日本国内で開催される自動車の耐久レースの中でもっとも過酷、もっとも時間の長い、アイドラーズ12時間耐久レースというレースに縁あって4年ほど前からとあるチームのカメラマンとして参加させていただいている。毎年7月末に開催されるこのレース、今年も開催され、同行させて頂けたのでその様子を収めてきた。

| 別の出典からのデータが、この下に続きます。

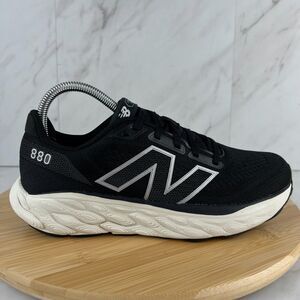 New Balance 880v14 Womens Size 8 B Black Athletic Running Sneakers Shoes W880K14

ぼくが所属するチームはタツレーシングというチーム。昨年は見事優勝した強豪チームである。今年のレースは連覇がかかっていた。
光栄なことに、この強豪チームのカメラマンを務めさせていただいている。毎年夏の風物詩となっているこのレース、ぼくの写真機材選びは全てこの12時間を過ごすためと言っても過言ではない。

皆でグリッドまでマシンを押していく。レースが始まる前の独特の緊張感。
これからの12時間、この車はひたすら走り続ける。そして、カメラマンであるぼくはひたすら撮り続ける。

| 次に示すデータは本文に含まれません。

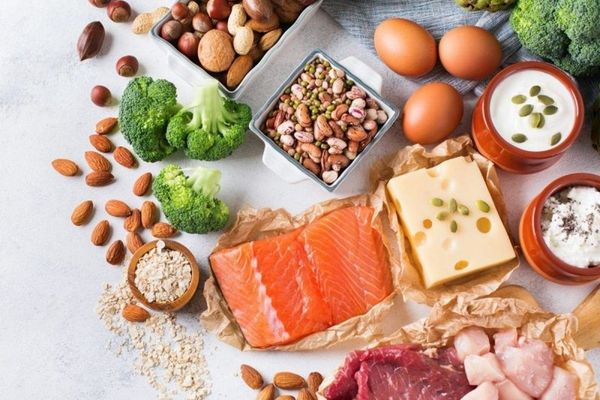 Chế độ ăn uống sau khi cấy chân mày: Bí quyết giúp dáng mày vào form nhanh, mọc dày và tự nhiên Chế độ ăn uống sau khi cấy chân mày: Bí quyết giúp dáng mày vào form nhanh, mọc dày và tự nhiên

この耐久レース、昨年まではキヤノンのEOSを使っていた。EOSのモデルはその年々で思うところあり色々使ったが、主に5DMarkIII、それから1DXを使った時もあった。スチル写真を撮るだけなら1DXがパーフェクトな一台なのだが、ぼくには動画も同時に撮影しなければならないミッションがあるので、今まではそれと併用して、動画用にソニーのα7IIを使っていた。レンズは広角と標準域は単焦点、望遠レンズは2種類用意していた。これだけでも相当な荷物だ。

基本的に、写真は一眼レフ、動画はミラーレスとそれぞれ得意分野に振り分けて使っていたのだけど(レンズの都合もあるけれど)機材も多く重く、運ぶだけでも大変だしオペレーションはもっと大変だ。
そんな中出会ったフジのカメラ、X-T2に全てを託し、今年はX-T2一台と2本のレンズだけでこのレースに挑んだ。大幅な機材の軽量化。レンズの選択にも悩むことはないし、写真も動画も同じカメラでそのまま撮影できる。12時間も追い続けるとほんの些細なことが大きな負担となる。

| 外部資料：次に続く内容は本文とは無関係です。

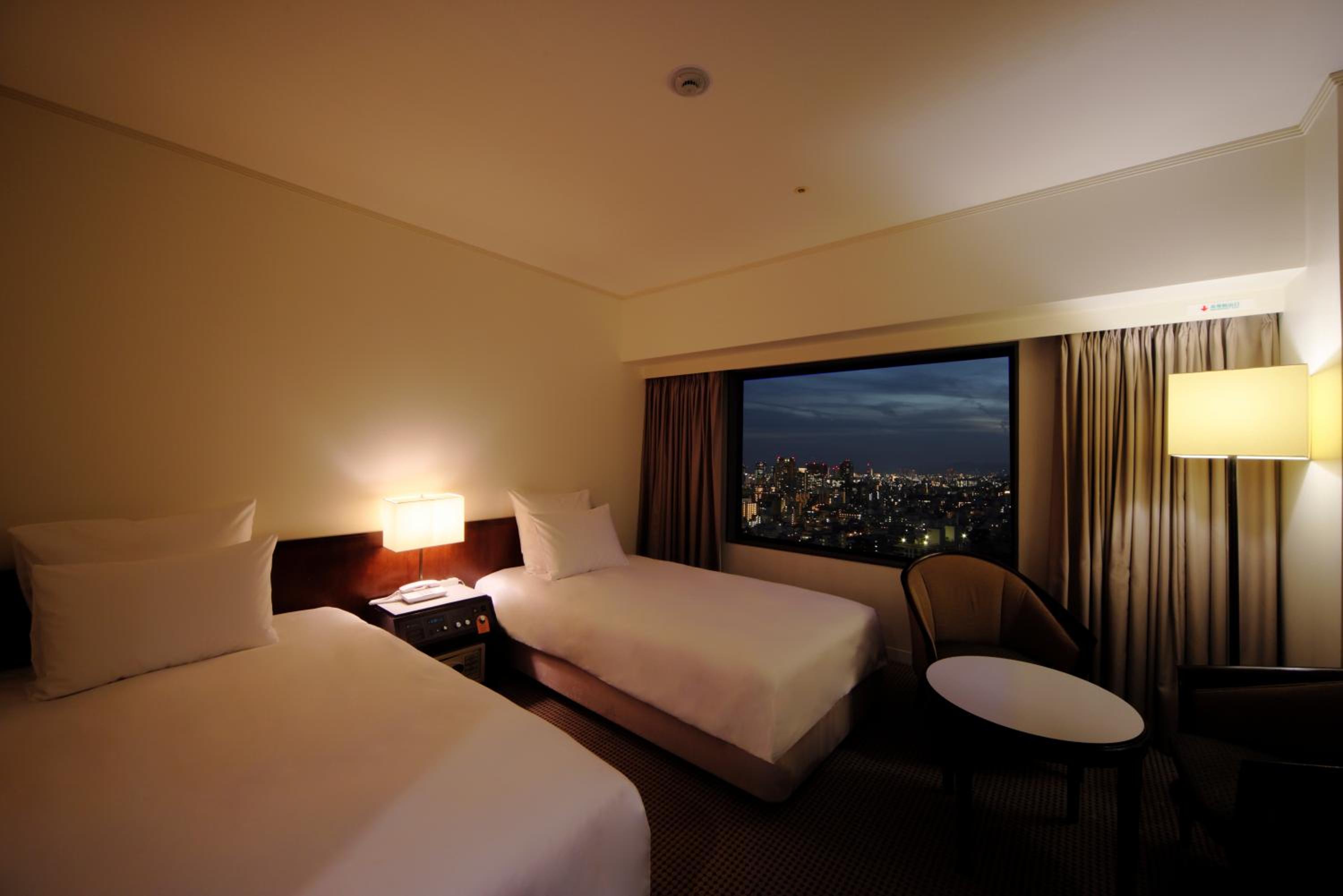 2 Single Standard City View - Photo 1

今更もう言うことでもないが、X-T2のAF性能や連写速度はモータースポーツ撮影には十分なものだ。下手な一眼レフよりもずっと快適である。
ボディの剛性感、軽快なシャッターも撮っていて気持ちが良い。使っている望遠レンズ、XF100-400mmも広いサーキットでは欠かせない一本。35mm換算で600mm相当まで一度に引き寄せられ、それが手持ちで十分に撮れる大きさと重さ。EOSの頃は600mmクラスとなると一脚が必須だったし、大きく、重かったので取り回しに苦労した。

慌ただしいピットでの出来事を逃さず記録するにはやはりズームレンズが便利だ。
昨年までは表現力の面で単焦点を中心に使っていたが、今年はX-T2と同時に導入したXF16-55mmF2.8があるのでそれを活用した。明るいズームレンズを使うことは初めてで、それはとても便利だった。

流し撮りを自動で判断し、補正方向の切り替えをするというXF100−400mmの手ぶれ補正も優秀だ。手持ちで気持ちよく撮影ができる。
しかし、今まで大きく重い機材で流し撮りをしていて、その癖が抜けないため、軽いX-T2とこのレンズでの流し撮りにまだ慣れてはいないが・・。

レースも大詰めとなる。
12時間もの長時間のレースなので、終盤はすっかり日が暮れて暗い中でのレースとなる。そういった状況でも明るいレンズと高感度性能により自然に撮影ができた。

我らがタツレーシングは今年は2位。連覇は逃してしまったものの、素晴らしい成績となった。
フジXシステムで挑む耐久レース。X-T2と2本のレンズで無事にこのレースを闘い抜くことができたのではないかと思う。